Para António Mota Redol, filho de Alves Redol, reencontrar Constantino Cara-Linda foi como reencontrar um irmão. “O meu pai fez um filho e adoptou outro aqui”, brincou, para depois recordar um episódio em que a Escola Secundária Alves Redol, em Vila Franca de Xira, pediu a Constantino para ir falar aos alunos. “Tiveram de pedir autorização à empresa onde ele trabalhava; e lá ficaram muito admirados ao saber que ele tinha tanta importância”, partilhou. O filho do escritor não deixou de notar a importância do livro - que já vai na 23ª edição - e não deixou de apelar a outros autarcas da região para que sigam o exemplo da Câmara de Loures. “Os escritores são aqueles que daqui a 100 ou 200 anos continuam a ser falados, ao contrário dos presidentes e dos vereadores”, rematou.
Já Hélio Santos, presidente da Junta de Bucelas, afirmou que o roteiro enobrece a aldeia e a freguesia e é importante para trazer pessoas ao Freixial. E Vasco Touguinha, vereador do município, disse que agora o desafio é trazer pessoas à aldeia e procurar parceiros que queiram, com o município, dinamizar a rota e dar-lhe maior visibilidade.

“Estar sempre a ser procurado por causa do livro já cansa”
Constantino Cara-Linda, uma das poucas pessoas no país que se pode gabar de ainda ser um protagonista vivo de um romance, admite que a idade já pesa e que a fama que Alves Redol lhe trouxe já o cansa. Numa conversa com O MIRANTE, à margem da inauguração do roteiro literário na sua aldeia, admite que já vai sendo tempo de ter paz e sossego na sua vida. “Estar sempre a ser procurado por causa do livro já cansa. Sou uma pessoa que gosta de estar sossegado, no meu canto, venho para casa e gosto de fazer o que quero e me apetece. Por isso muitas vezes custa-me ter de estar a agendar coisas com as pessoas. Tento sempre fugir a isto”, admite.
Apesar de tudo, continua a dizer que foi um privilégio ter contactado com o escritor neo-realista, de quem fugia de manhã levantando-se de madrugada, como um dia contou numa entrevista ao nosso jornal. Constantino Cara-Linda, que sonhava construir um barco para navegar até Lisboa e acabou a trabalhar numa fábrica de helicópteros, tem hoje 76 anos e reformou-se há quase um ano, uma das poucas novidades da sua vida. Continua casado e as duas filhas continuam bem de saúde. Ainda vive na mesma casa de sempre. “Nasci ali e vou morrer ali”, garante, continuando a ser um homem de poucas palavras.
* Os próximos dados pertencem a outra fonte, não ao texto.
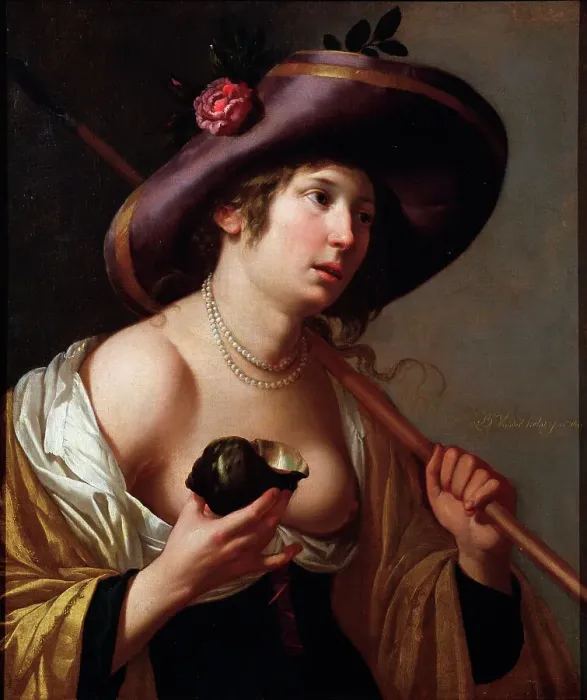 Framed Print : Princess Granida (after the play Granida by Pieter Corneliszoon Hooft), 1651. Artist: Jan van Bijlert Framed Print : Princess Granida (after the play Granida by Pieter Corneliszoon Hooft), 1651. Artist: Jan van Bijlert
Os dias para ele são hoje como um regresso ao passado onde cresceu. Tem um terreno perto de casa, com vinha, onde gosta de passar os dias, ouvindo os mesmos pássaros que o encantavam quando era criança. “Ainda trabalho mais agora do que no tempo em que estava na empresa”, brinca. Ser a estrela do roteiro literário é para ele motivo de orgulho, mas volta a dizer que dispensa a fama. “O roteiro é engraçado e pode ser muito dinamizador para a aldeia, as pessoas passam a conhecer-se melhor, é por isso que quis vir pessoalmente à apresentação”, conta.